Statistical analysis
The differences in serum concentration between the
groups were analyzed by the Student’s t-test and one-way analysis
of variance (ANOVA). Adjustment of age and gender was also
performed by two-way ANOVA. The optimal cut-off values for FDP and
CYFRA 21-1 were obtained by receiver operating characteristics
curve analysis. Diagnostic performance was described in terms of
sensitivity, specificity and area under the curve (AUC) by receiver
operating characteristics analysis. The association between FDP and
CYFRA 21-1 in lung cancer patients was assessed by Pearson’s
correlation test. P<0.05 was considered to indicate a
statistically significant difference. All the statistical data
analyses were performed using SALT Version 2.0 (Istech Inc., Korea)
software.
Results
Serum levels of tumor markers
The mean serum FDP level in lung cancer patients was
35.01±229.02 μg/ml (range, 0.30–2200.00 μg/ml), which was
significantly higher compared to the non-cancerous subjects,
including patients with benign lung diseases and healthy controls
(0.60±0.75 μg/ml; range, 0.20–8.90 μg/ml; P=0.039). The mean serum
CYFRA 21-1 level was significantly higher in lung cancer patients
(4.50±6.70 ng/ml; range, 0.50–51.30 ng/ml) compared to the
non-cancerous subjects (1.40±0.83 ng/ml; range, 0.20–5.70 ng/ml;
P<0.05) (Fig. 1).
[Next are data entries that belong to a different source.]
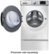 Alt View 11. Samsung - 5.6 Cu. Ft. 15-Cycle High-Efficiency Steam Front-Loading Washer - White.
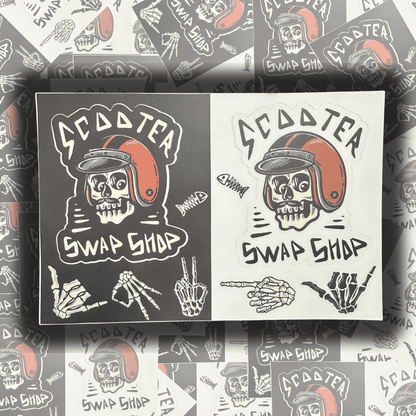 Skull and Bones Sticker Sheets - Howling Moto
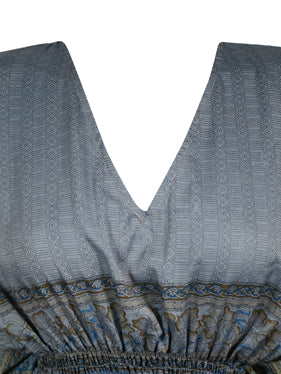 Summer Beach Kaftan Dress Dark Gray Resort Wear Caftan Dresses One size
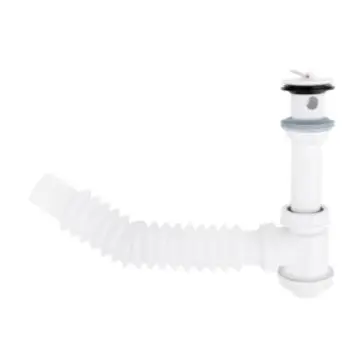 Céspol Flexible Para Lavabo Dica 3701cb Plástico Blanco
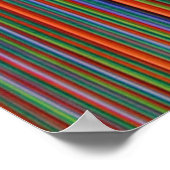 Multicolored striped illustratie poster (Hoek)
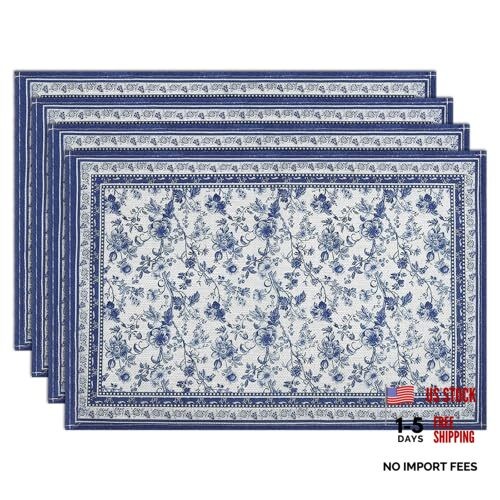 Set blue floral - set, of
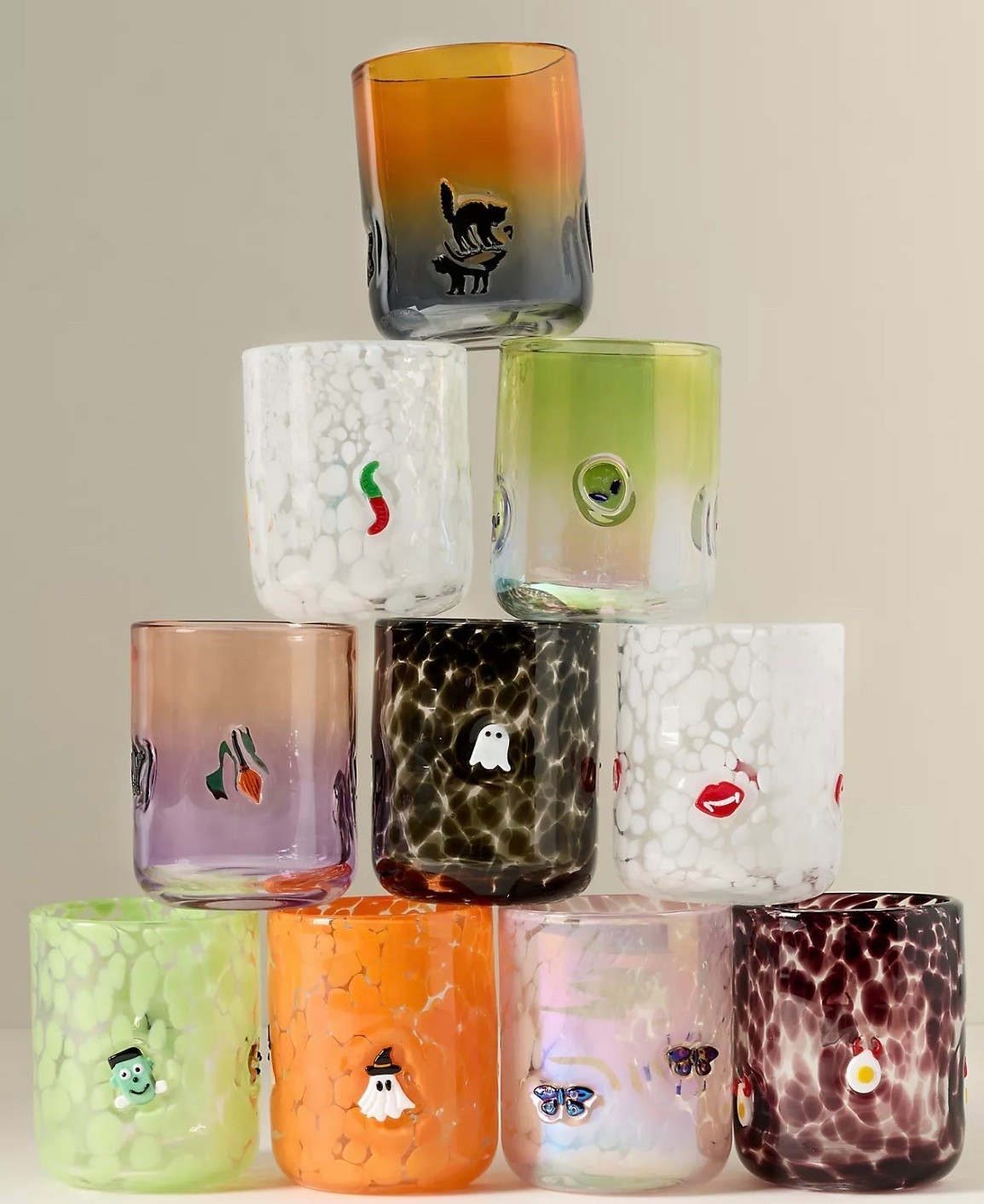 Halloween icon glasses!!! ON BIG SALE! These are $10-12 and such a steal for the most sought after glass — I use these every single day! Love! #halloween #kitchen #juiceglass #anthropologie

#LTKHome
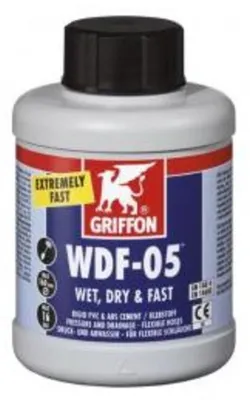 Productafbeelding van Griffon WDF-05 PVC-lijm, verpakking met kwast, 250 ml, snel drogend, geschikt voor Pool Flex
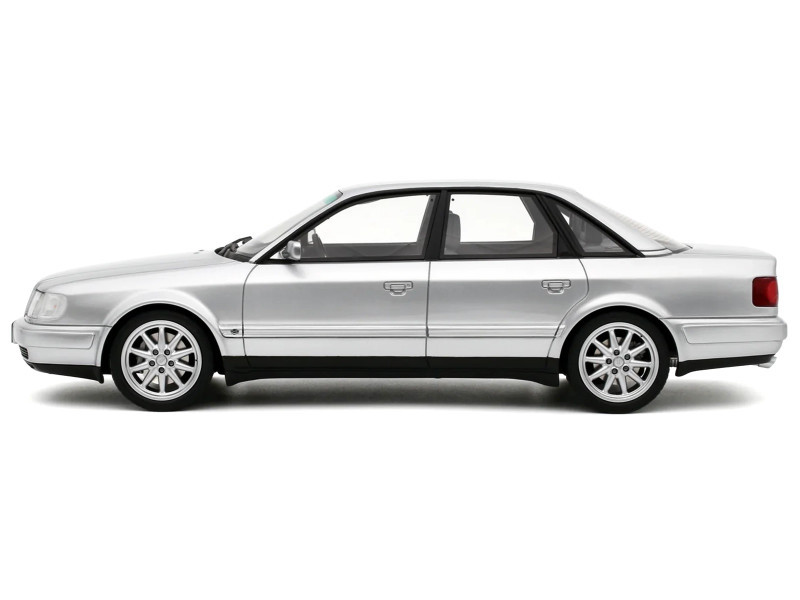 1/18 OTTO 1993 Audi S4 (C4) 4.2 V8 Crystal Silver C6 Car Model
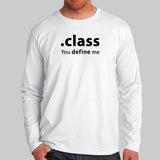Java Dot Class Java Programmer Full Sleeve T-Shirt For Men Online India
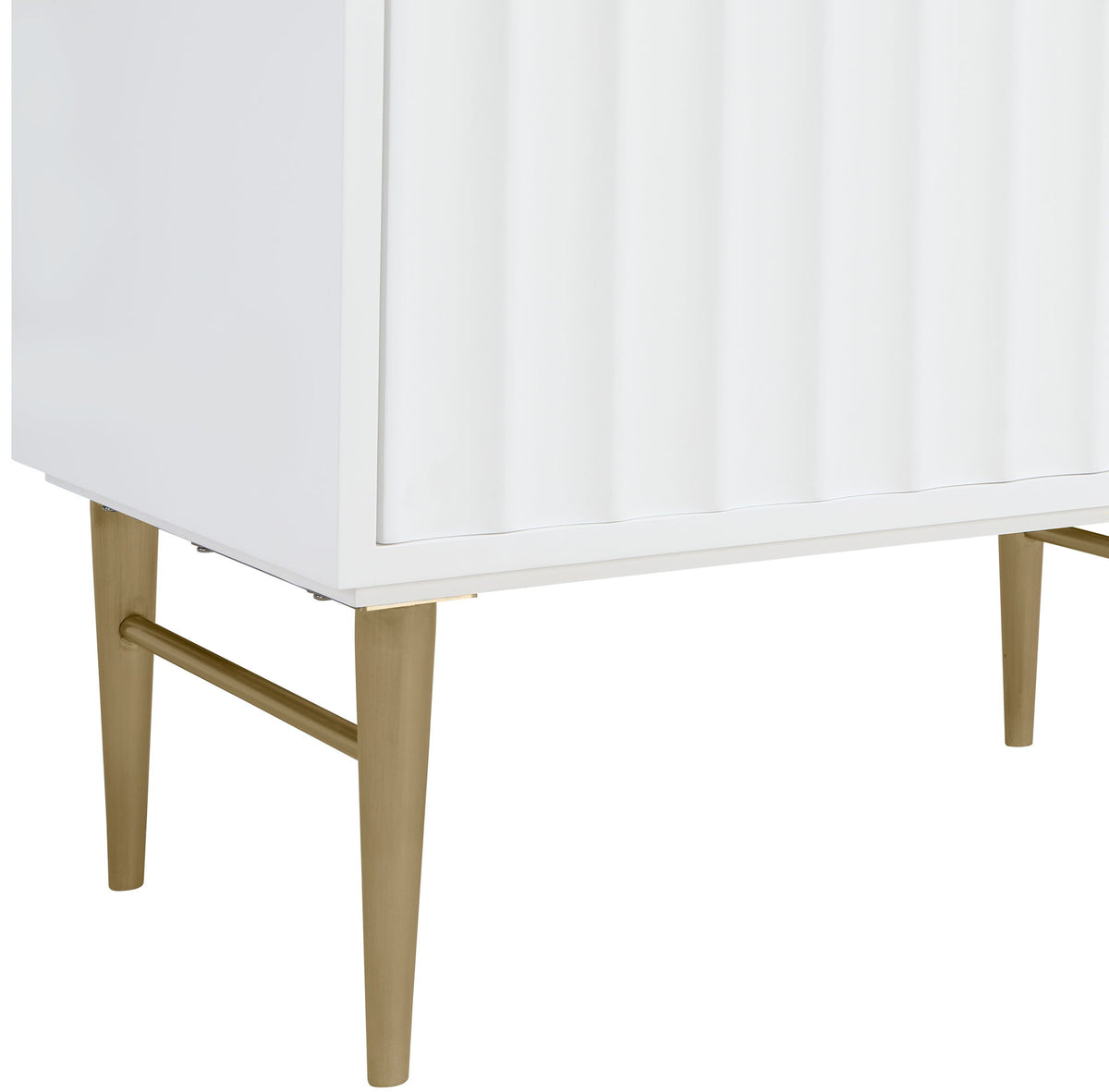 Modernist - Bathroom Vanity With Gold Legs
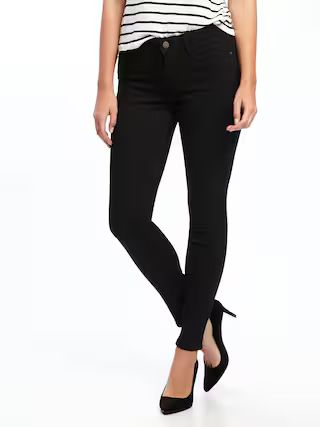 Mid-Rise Black Rockstar Super Skinny Jeans for Women | Old Navy US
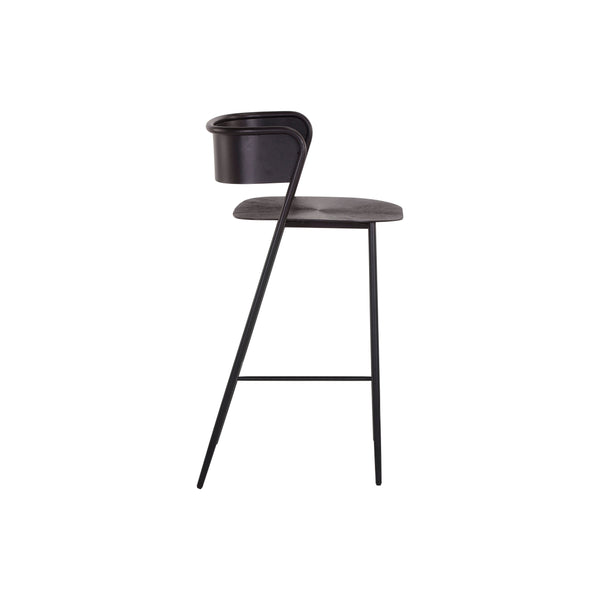 Keanu Counter Stool - Gunmetal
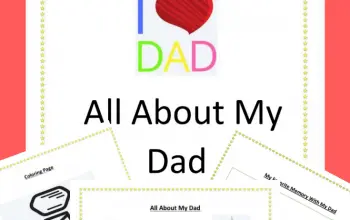 Get this amazing All About My Dad Free Printable Pack today! It comes with three fun activity sheets. Perfect for Father's Day! #allaboutmydad #freeprintable #Fathersday #fathersdayactivity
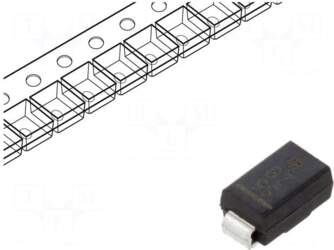 VISHAY Diode: Schottky rectifying | SMA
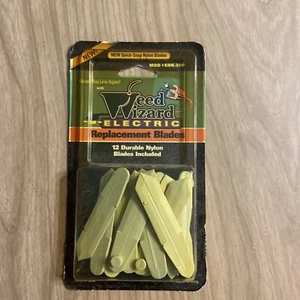 Weed Wizard Replacement Trimmer Cutter Blades 12 Nylon Plastic ENB-300 NOS - Picture 1 of 2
No significant
differences for the tumor markers were observed between the
patients with benign lung diseases and the healthy control group
(Fig. 2).
Association between the tumor markers and
pretreatment clinicopathological characteristics in lung
cancer
The mean levels of each tumor marker stratified by
clinicopathological characteristics of lung cancer patients are
listed in Table II. The levels of
FDP and CYFRA 21-1 were significantly higher in current smokers
compared to non-smokers (P=0.044 and P<0.001, respectively).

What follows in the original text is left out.